__BRIEF__.
The material below holds pictures; leave them out and reproduce exactly the lines from the one with "Striped Winter Roll Neck Jumper" through the one with "Ankis silver slingback", inclusive.

__GIVEN DATA__.
---
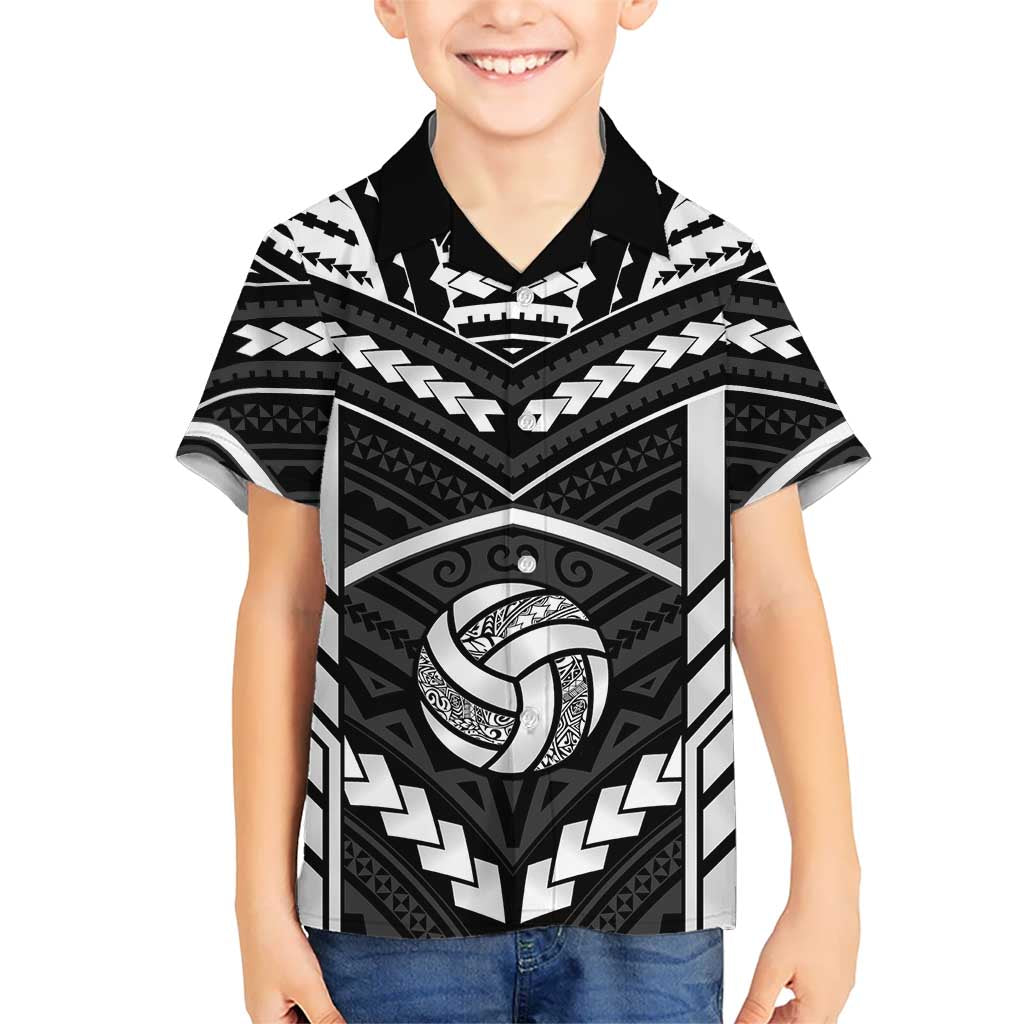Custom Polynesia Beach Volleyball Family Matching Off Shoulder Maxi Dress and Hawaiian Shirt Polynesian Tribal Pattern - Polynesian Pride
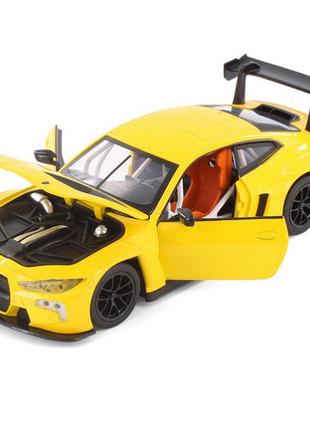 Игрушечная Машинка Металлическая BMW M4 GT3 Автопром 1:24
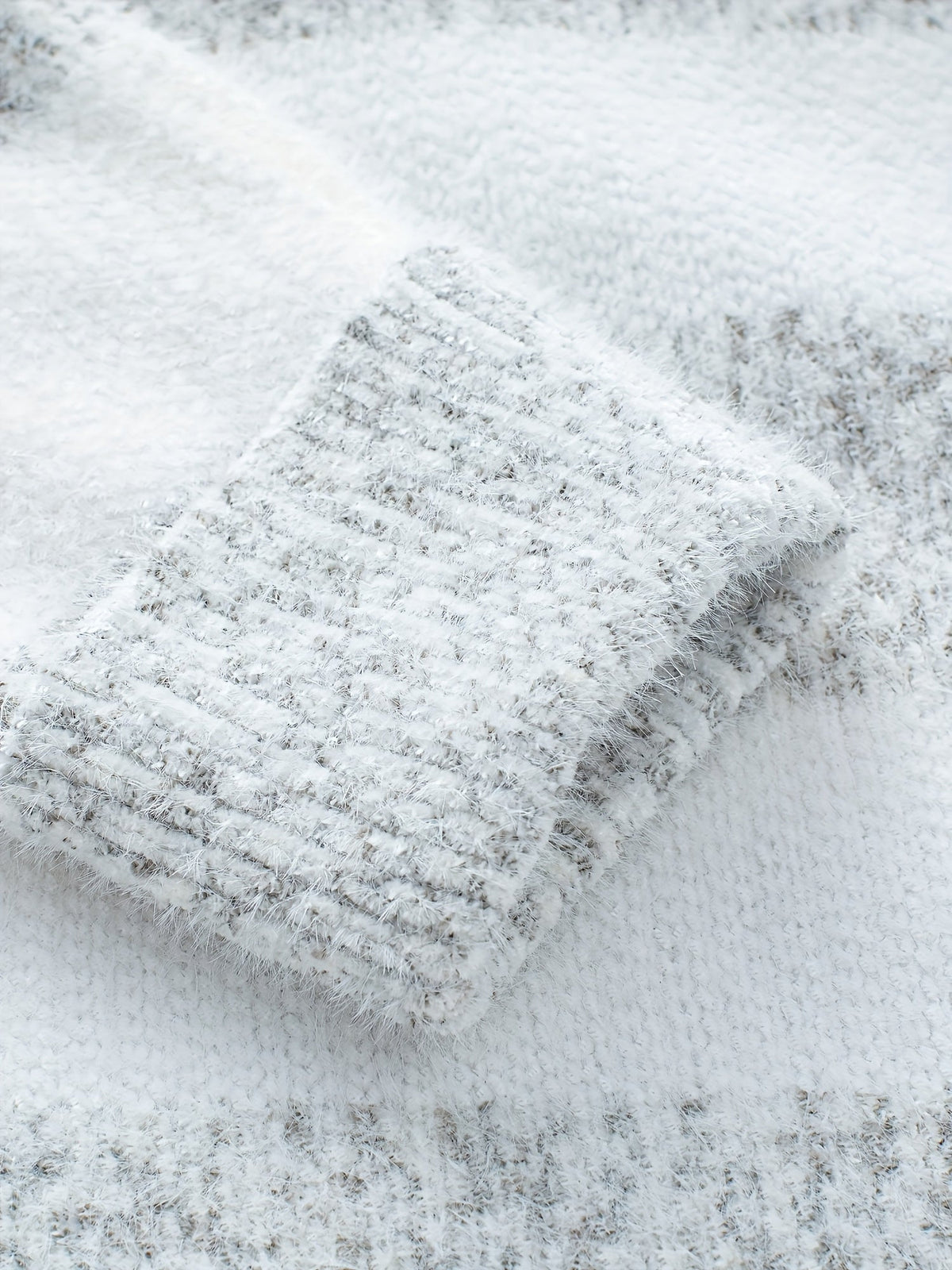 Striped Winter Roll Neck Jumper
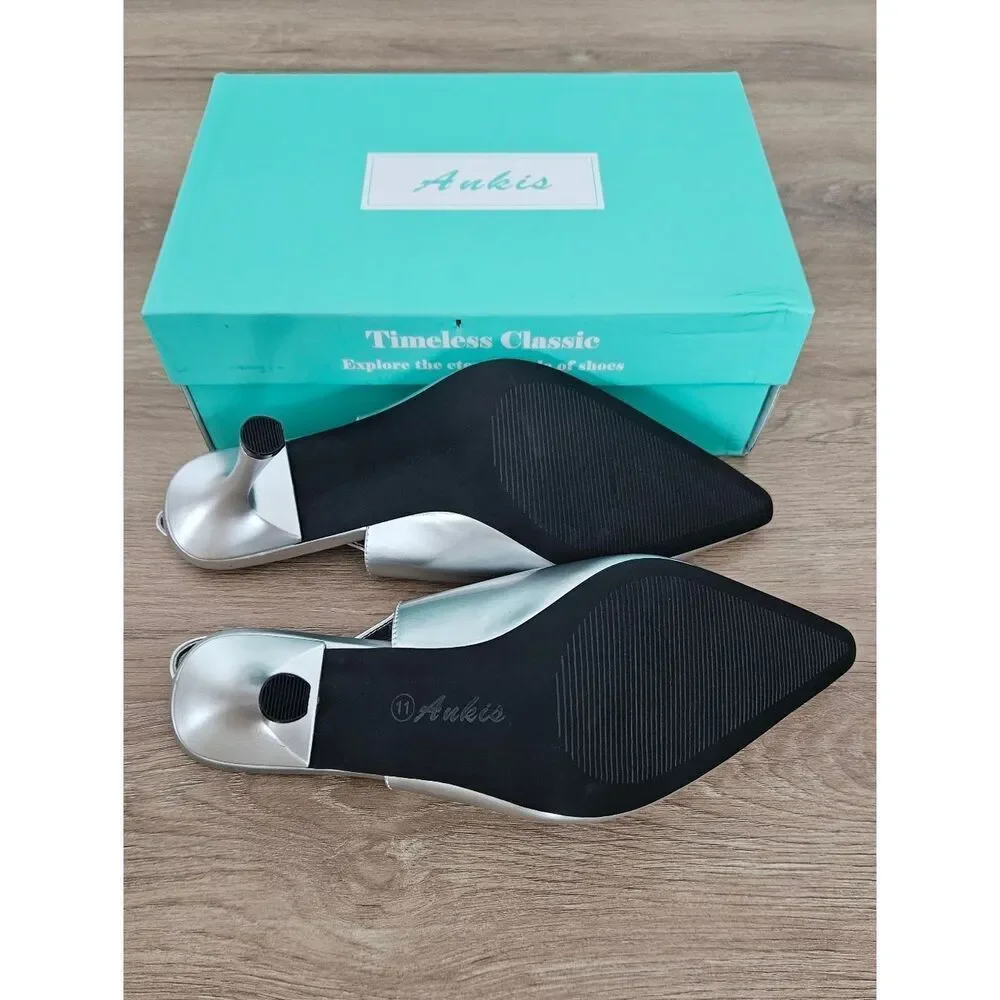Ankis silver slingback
---
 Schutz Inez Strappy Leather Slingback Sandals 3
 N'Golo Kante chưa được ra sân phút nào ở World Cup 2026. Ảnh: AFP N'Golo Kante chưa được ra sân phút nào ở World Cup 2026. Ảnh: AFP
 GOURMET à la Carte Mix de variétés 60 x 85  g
---
__OUTPUT OF THE EXERCISE__.
 Striped Winter Roll Neck Jumper
Ankis silver slingback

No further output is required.